Something like that happened in Japan fifteen years ago, after the banks there had lent trillions to companies unable to repay their loans or even keep up on the interest. The size of these bad loans would have put Japan’s banks into bankruptcy except for an arrangement worked out with all interested parties to freeze everything. The banks agreed not to demand the money they were owed by the companies, and the Japanese government pretended that the banks were still solvent. As a result the Japanese economy, prevented from regaining strength through the cathartic benefits of bankruptcy, floated in a chilly world of zombie companies and financial institutions on life support. Companies had just enough cash to keep going but not enough capital to expand and develop.
If individuals and families continue to spend more than they make, millions of us may also end up in the land of the living dead. After inflation is taken into account, the wages of 80 percent of working people have been trending slightly downward for the past four years. At the same time the clamor to get people to buy and spend does not abate and will not, since the masters of the universe have determined that the prosperity of the entire globe depends on Americans continuing to visit the mall.

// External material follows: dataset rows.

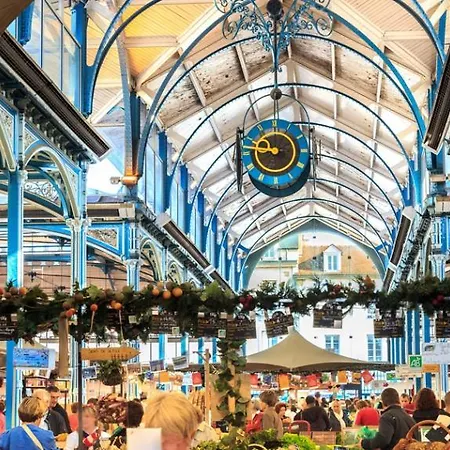 Apartament Le Cosy Musette - Rue Pietonne *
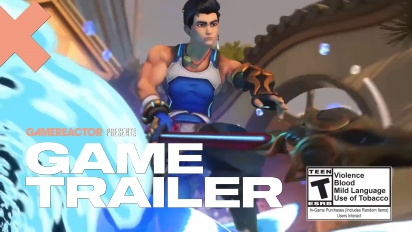 Overwatch 2 - Wuyang: Trailer Gameplay Pahlawan Baru (PS5 & PS4)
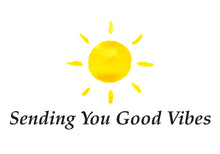 Load image into Gallery viewer, Sending Good Vibes - Wellness Care Package for Women - Small - Gift Good Vibes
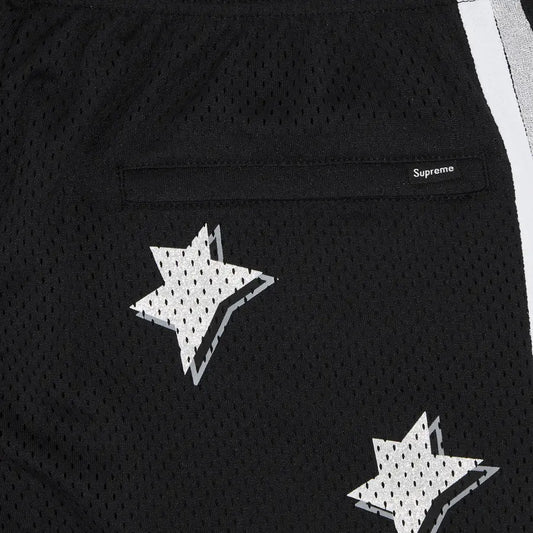 Supreme All Star Basketball Short 'Black' SS25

We are seeing early signs of the zombie syndrome. It first appeared in the American automobile industry and latterly at Wal-Mart and the other big, lower-price retail chains. When faced with a choice of selling fewer cars at a profit or more cars at a loss, the automobile companies made the zombie choice to sell more, lose money and sink closer to bankruptcy. This past holiday shopping season retailers, faced with the possibility of lower sales than last year, elected to cut their already thin profit margins to keep their increasingly strapped customers at the checkout lines with their shopping carts full and their bank accounts empty.

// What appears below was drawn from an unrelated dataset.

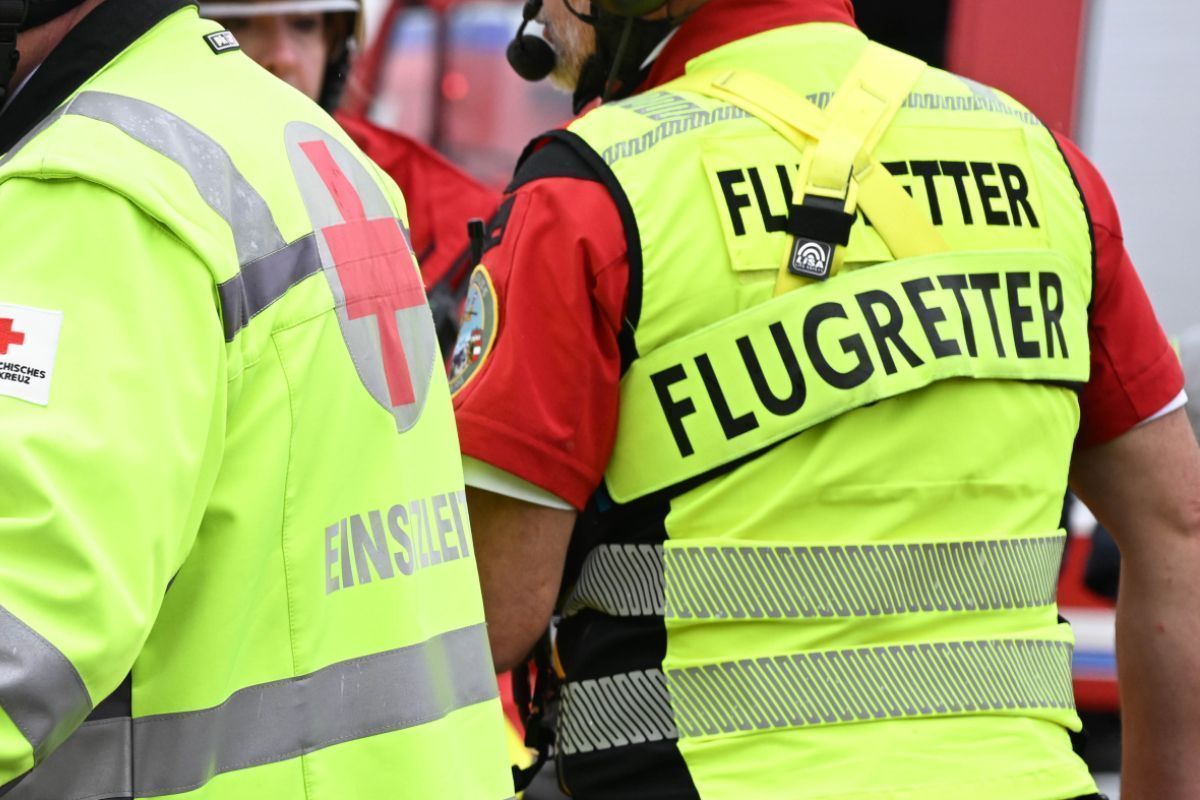 80-Jährige fiel in Niederösterreich von Motorrad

Obviously, after a certain point price-cutting and discounting is going to land retailers in the soup. Presumably stores are also pushing their suppliers to cut prices and, if they oblige as they are wont to do, they will slip into the red themselves. We may wind up in a comic book universe with everyone losing money and thrashing for air in the pool.

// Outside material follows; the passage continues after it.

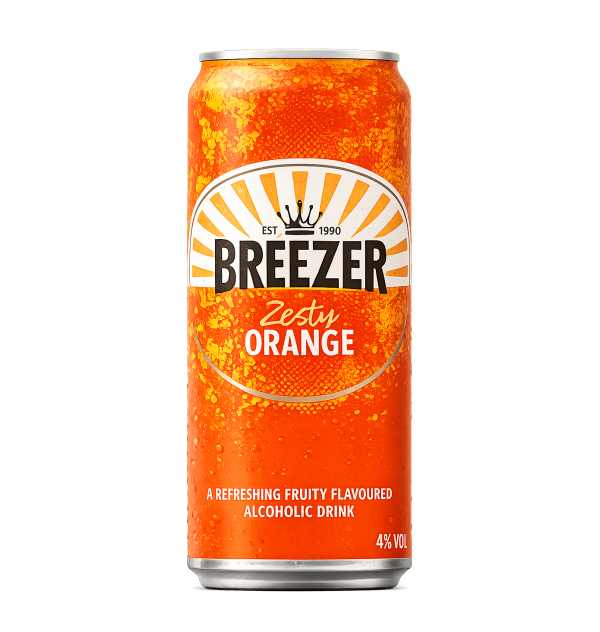 breezer orange can 1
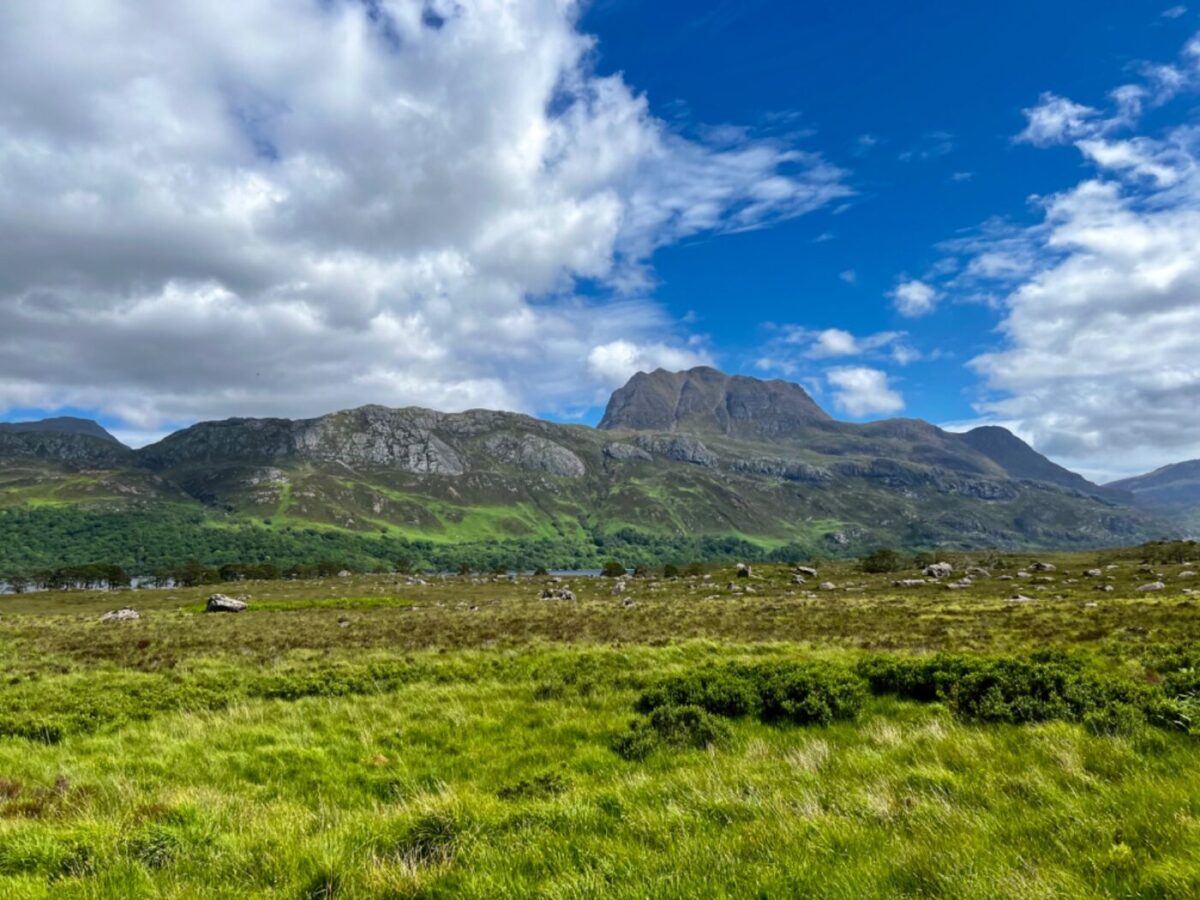 Schottland mit dem Wohnmobil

Home equity loans or refinancing one’s ever-appreciating home have compensated for flat or declining earnings, but that particular ATM machine has closed with the leveling off of the housing market. For many people, the only readily available credit left this side of bankruptcy is their credit cards.
Delinquencies among credit card holders have been running around 4 percent. The credit card business is so lucrative the banks that own the card companies have no problem with that. If that number were to gradually climb to 12 percent or even 15 percent, they would have a problem. Since they have to pay the merchants whose customers used the card regardless, delinquency rates at those levels would take a noticeable bite out of profits.
If the companies use the new laws to force their customers into bankruptcy, zombie status is practically automatic. Under the new law the bankrupt does not have his debts washed away, only reduced. If the credit card companies do not drive their card holders into bankruptcy, the payment arrangements they make will zombify their debtors anyway.
There is another way. The bankruptcy law in the early Roman Republic tolerated no zombie-ism:
“A person who admits to owing money or has been adjudged to owe money must be given thirty days to pay.
“After then, the creditor can lay hands on him and haul him to court. If he does not satisfy the judgment and no one is surety for him, the creditor may take the defendant with him in stocks or chains. He may bind him with weights of at least fifteen pounds.
“On the third market day, the creditors may cut the debtor to pieces. If they take more than they are due, they do so with impunity.”